Musical creation and the end of a creative life are featured in a heartfelt elegy. Emotional, unnerving, and moving are all words that come to mind. Delius is a terrible figure who is at once vulnerable and ruthless. Russell was a master at producing visuals to go with music..
11. The Wrecking Crew!(Documentary; Denny Tedesco, 2008)
The story of a group of LA session musicians in the 60s and 70s who played on everything but didn’t get the recognition they deserved is the subject of a new documentary. Phil Spector’s Wall of Sound, the Beach Boys, Nancy Sinatra’s These Boots Are Made for Walking, and Glenn Campbell’s Wichita Lineman all include their bass lines. You begin to notice that each of these albums has a distinct tone, and that sound is this band.
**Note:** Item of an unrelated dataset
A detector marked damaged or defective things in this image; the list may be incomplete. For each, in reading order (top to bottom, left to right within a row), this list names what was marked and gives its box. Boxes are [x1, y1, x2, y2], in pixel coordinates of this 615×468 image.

Because of this film, I wanted us to record an album in Capitol Studios in Los Angeles. One of the best movies I’ve ever seen about the making of pop music.
12. Little Voice(Drama; Mark Herman, 1998)
It’s a film that gets it right when it comes to wanting to perform but being discouraged from doing so, and how music can be a wonderful way to escape. A world and an attitude toward women that I was familiar with, even though I’m not working-class, were vividly represented in the novel.
Also, it’s about discovering who you are via music, and how you can do that by singing other people’s songs and finding your own unique voice. In my youth, I tried to emulate Tina Turner by belting out Private Dancer as a child.